# The workings of heater systems?



## Mick757 (Nov 16, 2009)

Can anyone briefly expalin OR offer a link to how heating systems generaly work?
Ive seen what look like 'regular' gas heaters installed in vans. eg Truma etc. Do these just kick heat out of this unit, or also send 'blown air' round the van? Do they work on gas AND leccy (230v and battery)?
I saw some kind of heater at the weekend that was just like a boiler, stashed under a seat. This was said to be for the blown-air heating, but will it have also done the hot water?
Sorry for the seemingly dumb questions, but the bloke showing me didnt seem to know that much more than myself.


----------



## richardjames (Feb 1, 2006)

There are some heaters that run off the engine cooling system and can heat the domestic water and/or provide heating for passengers whilst on the move and are usually under a front seat


----------



## Rapide561 (Oct 1, 2005)

*Heat*

Hi

Here are a few pointers for you.

Some Truma heaters can run on gas or electric or both at the same time. The clue is the model name. My boiler is a Truma Combi 6E. The "E" signifies it can take electric power, in addition to gas.

At various locations in my motorhome are circular outlets - a bit like the vents on a coach - you know, the ones above each seat next to the reading lights. These Truma outlets carry warm air generated by the boiler.

If you have a particular Truma boiler number, such as Combi 6E, C6002, C6002 EH, I might be able to help a bit more.

Russell


----------



## dovtrams (Aug 18, 2009)

could i also ask a heater question on this post. for the first time today, i emptied my heater using the yellow lever as it is likely to be minus something tonight. when i want to fill it up again, is there anything special you have to do?

dave


----------



## Rapide561 (Oct 1, 2005)

*Water*

Dave

By lifting the yellow lever, you have drained the boiler of it's water contents.

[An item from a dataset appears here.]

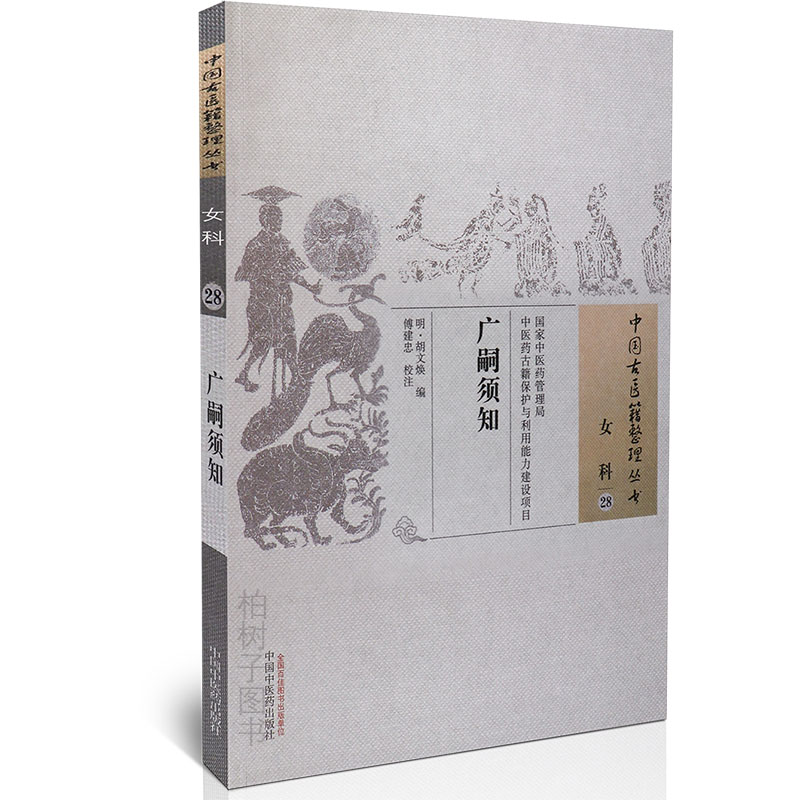 医药广嗣须知明代胡文焕所编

To refill, close the lever, turn on the hot tap and this will cause your water pump to pump water from the main tank on the van to the Truma.

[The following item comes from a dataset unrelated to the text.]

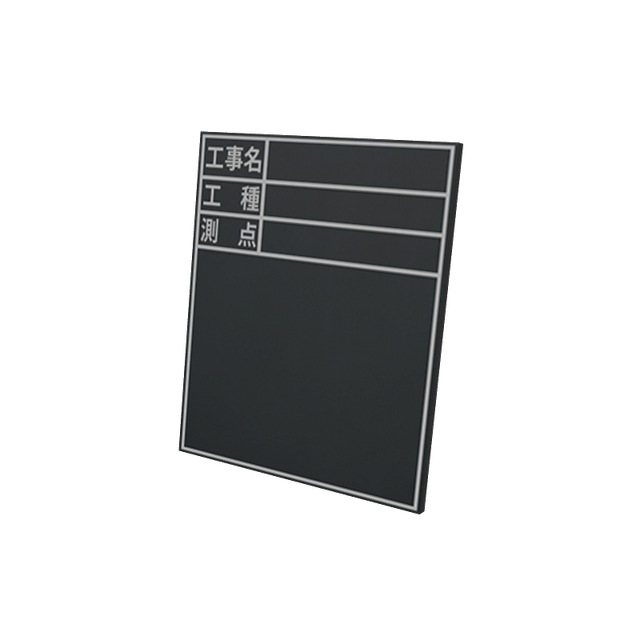 iconstructionblackboardaf01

Have you just emptied the boiler or drained the van? By draining the van, I mean emptying the fresh water tank and leaving all taps in the open position to ensure there is no residual water in the pipes?

Russell


----------



## midlifecrisismil (Sep 27, 2009)

:? I am reading all these posts with fascination.
Is there a beginners/dummies class in motorhoming? I have just got our brochure out to see what Truma we have in Herman and it seems that ours is just run off gas so I have learnt something.
We have drained down Herman (by opening all the taps under him) but our Truma drain thingy is red not yellow so :? 
I have another question but I know that I am not aloud to hijack topics (after being told off) so I will ask it on a different post.


----------



## dovtrams (Aug 18, 2009)

russel

yes, i have drained everything, fresh water tank empty, waste tank empty and taps have been open all day, no more water. thanks for the advice.

dave


----------



## Rapide561 (Oct 1, 2005)

*Refilling*

Dave

When refilling....

1) Ensure the pump is off
2) Ensure the fresh tank drain tap - if fitted - is closed
3) Close all taps
4) Fill the fresh tank. 
5) Close the boiler train valve
6) Switch on the pump main switch
7) Open a cold tap SLIGHTLY to get water through - not too much opening though or you might get a bit of a splutter and get wet. 
8) Open a hot tap and this will force water into the boiler. 
9) Top up the fresh tank to replace what has just moved to the boiler.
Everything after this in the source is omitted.